Online search engines are meant to pick out high-quality sites amid the sea of knockoffs that repeat information produced elsewhere, but even they get overwhelmed. As recently as March, for example, the first 10 results from a Google search for “how to organize your desktop” contained nine links to pages churned out by “content farms” — Web sites that publish reams of articles that aim simply to attract clicks and advertising dollars.
That prompted New Scientist magazine to ask computer scientist Richard McCreadie at the University of Glasgow to look into the issue. The results show that Google and Microsoft’s Bing seem to be regaining the upper hand in the fight against content farms.
Most of the credit has been given to Google, which announced in February that it had updated its search algorithm in a bid to prioritize sites that publish original and well-researched material. It won’t provide details, but many site owners noticed that the update penalized sites that publish multiple, near identical articles, a favorite tactic of content farms.

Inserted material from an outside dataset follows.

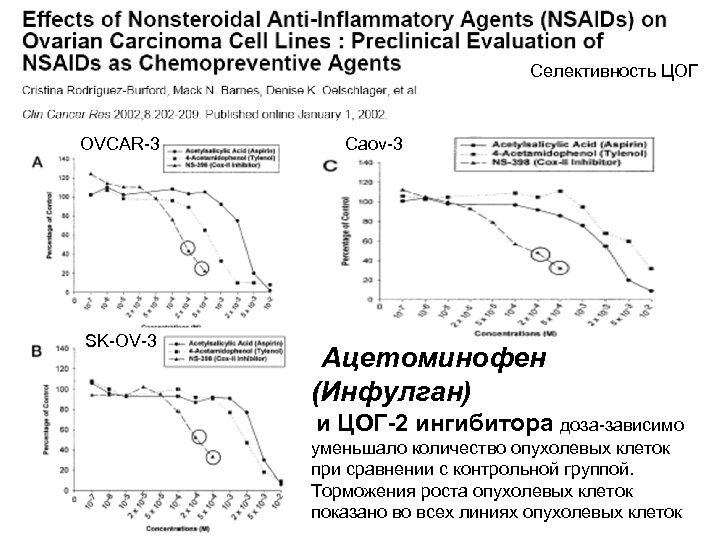 Селективность ЦОГ OVCAR-3 SK-OV-3 Caov-3 Ацетоминофен (Инфулган) и ЦОГ-2 ингибитора доза-зависимо уменьшало количество опухолевых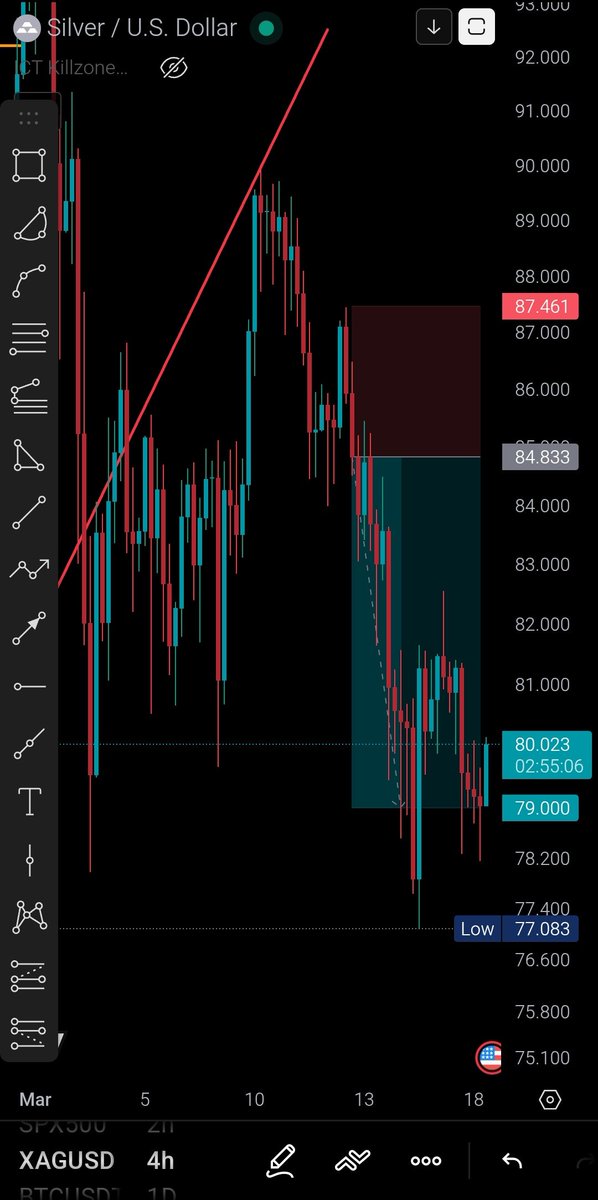 ThunderTrader tweet media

To test how successful the new system is, McCreadie ran 50 search queries known to be a target of content farmers, such as “how to train for a marathon,” in March and then again in August. Then he paid people to examine the results for links to low-quality sites, where “low quality” was defined as uninformative sites whose primary function appears to be displaying ads.
The results are striking. In the case of the marathon query, sites that contained lists of generic tips, such as “invest in a good pair of running shoes,” were present in the top 10 in March but had disappeared by August, while high-quality sources, such as Runner’s World magazine, now appear near the top. Similar trends were found throughout the 50 queries.